Increased efficiency due to technology may not be anything new, and in the past the economic changes have been positive. As the White House notes in the report, titled “Artificial Intelligence, Automation, and the Economy,” the 19th century saw changes in tech that made lower-skilled workers more productive and began to build a middle class, reducing inequality. The late 20th century, in contrast, has taken a different path, with higher-skilled workers using computers to boost productivity—at the same time dispatching countless routine-intensive jobs. And as current automation technology advances, with the help of AI, a reckoning is coming.

In the near term, 9% to 47% of jobs may be threatened over the next decade. According to the White House, “research consistently finds that the jobs that are threatened by automation are highly concentrated among lower-paid, lower-skilled, and less-educated workers.”

In the past, optimistic economists have pointed to the economy’s ability to adapt to new opportunities and constraints—pivoting to new jobs and even inventing entirely new types of work in response to macro-scale changes.
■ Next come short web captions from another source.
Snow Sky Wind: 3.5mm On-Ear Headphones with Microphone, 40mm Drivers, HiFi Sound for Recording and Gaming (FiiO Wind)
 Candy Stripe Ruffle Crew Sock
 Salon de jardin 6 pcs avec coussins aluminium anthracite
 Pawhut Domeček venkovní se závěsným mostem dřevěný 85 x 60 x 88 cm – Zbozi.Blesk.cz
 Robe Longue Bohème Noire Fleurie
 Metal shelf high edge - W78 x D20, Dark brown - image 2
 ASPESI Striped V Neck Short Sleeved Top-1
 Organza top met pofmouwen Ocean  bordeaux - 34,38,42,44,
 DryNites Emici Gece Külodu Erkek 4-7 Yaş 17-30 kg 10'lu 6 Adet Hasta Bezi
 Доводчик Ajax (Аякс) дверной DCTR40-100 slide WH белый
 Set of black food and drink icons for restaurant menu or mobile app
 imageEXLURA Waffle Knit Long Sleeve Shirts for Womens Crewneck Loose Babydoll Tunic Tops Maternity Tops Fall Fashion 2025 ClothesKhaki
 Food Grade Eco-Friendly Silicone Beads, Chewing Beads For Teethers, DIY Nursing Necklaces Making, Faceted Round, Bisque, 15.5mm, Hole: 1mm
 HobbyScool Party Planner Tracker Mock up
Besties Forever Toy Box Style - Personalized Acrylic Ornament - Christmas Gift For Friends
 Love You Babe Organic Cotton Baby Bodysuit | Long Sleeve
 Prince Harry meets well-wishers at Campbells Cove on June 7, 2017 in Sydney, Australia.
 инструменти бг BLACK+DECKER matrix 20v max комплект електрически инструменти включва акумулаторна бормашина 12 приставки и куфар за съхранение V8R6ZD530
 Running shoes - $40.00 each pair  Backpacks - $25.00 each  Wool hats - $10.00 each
But cyclical as the economy may often seem to be, past results are no guarantee of future performance, as any fine print disclaimer will tell you.

Much of the White House’s report echoes the findings of economists like Thomas Piketty, Emmanuel Saez, and Gabriel Zucman, who have showed that the trajectory of the economy has been great for high earners, but horrible for the bottom half, which “has been completely shut off economic growth since the 1970s.”